Badannya yang sudah membungkuk, rambutnya yang sudah hampir semuanya beruban, pengelihatannya yang mungkin mulai tak jelas, tangannya yang mulai gemetar, membuat ku geleng kepala dan miris melihat beliau masih harus bekerja. Beberapa bulan lalu aku ke toko buku itu, dan makan di tempat makan persis berada di depan toko buku. Dan aku melihat Kake tua itu sedang memunguti gelas-gelas aqua bekas orang-orang yang setelah minum ditinggalkan begitu saja sampahnya. Aku fikir beliau hanya sementara ditempat itu, seperti para pemulung lainnya, yang lewat, mengambil, kemudian pergi. Dan malam ini aku datang lagi ketempat yang sama dan aku melihat Kake yang sama pula. Betapa miris dan sesaknya aku saat ku lirik jam tangan ku, waktu sudah menunjukkan pukul setengah tujuh malam! Sedangkan Kake itu masih saja bekerja mengambil sampah-sampah bekas orang-orang makan atau minum yang sengaja ditinggalkannya. Aku dan sahabatku yang baru saja memesan makanan langsung saling pandang, dan kami memikirkan hal yang sama ''apakah Kake itu sudah makan?'' akhirnya sahabatku menghampiri si Kake tua yang baru saja duduk di samping jembatan setelah memasukkan beberapa gelas bekas aqua kedalam kantong plastik hitam yang mungkin sudah ia sediakan. Aku tidak mendengar jelas apa yang dikatakan sahabatku kepada sang Kake, karena jarak kami lumayan dan sahabatku itu membelakangi ku, tapi aku bisa mendengar penolakan halus dari Kake tua agar kami tidak usah repot membelikannya makanan. Dan kemudian sang Kake menghampiri ku dan mengatakan penolakannya,
''nggak apa-apa,Kek. Kake makan ya?'' bujuk ku setelah beliau mengucapkan penolakan berkali-kali.

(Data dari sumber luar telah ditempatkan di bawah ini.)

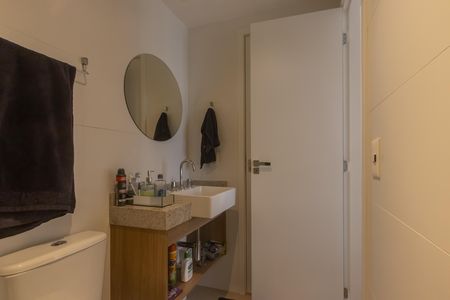 Banheiro da Suíte de apartamento à venda com 2 quartos, 36m² em Indianópolis, São Paulo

''enggak usah Neng, Kake udah makan tadi siang, tadi siang sudah dibelikan bubur. Enggak usah ya.'' bujuk si Kake. Dan aku beserta sahabatku tetap membujuk si Kake untuk mau menerima pemberian kami. Ya Allah, tidakkah ada satupun orang yang menghormatinya atau minimal mengasihaninya?? terakhir makan tadi siang, sedangkan ia terus bekerja seperti itu sepanjang hari. Dimana saudaranya Ya Rahman .... Dimana anak-anaknya?? Seharusnya, Kake tua seperti beliau di saat-saat malam mulai datang sedang bersantai sambil menonton telivisi, atau sambil bercanda bersama cucu-cucunya. Tapi si Kake tua ini?? Masih harus bulak-balik memunguti sampah tak peduli beliau belum makan, tak peduli dengan badannya yang mulai membungkuk, mungkin juga tidak peduli dengan keadaannya yang semakin lelah. Apapun alasan dari keluarganya yang membiarkan si Kake tua bekerja seperti itu tetap saja tidak baik dimata ku. Kake tua sepertinya seharusnya lebih banyak beristirahat dan menikmati masa tuanya bersama anak-anak serta cucunya. Bukan dengan bekerja keras seperti itu. Begini keraskah Ya Allah, kehidupan di Jakarta sehingga ikut mengeraskan hati para manusianya?? Tidak ada rasa kasihan kepada orangtua, tidak ada rasa khawatir kepada mereka yang terus bekerja. Dimana hati nurani keluarganya atau orang-orang disekitarnya yang masih membiarkan si Kake tua ini terus bekerja …. Entah sampai jam berapa.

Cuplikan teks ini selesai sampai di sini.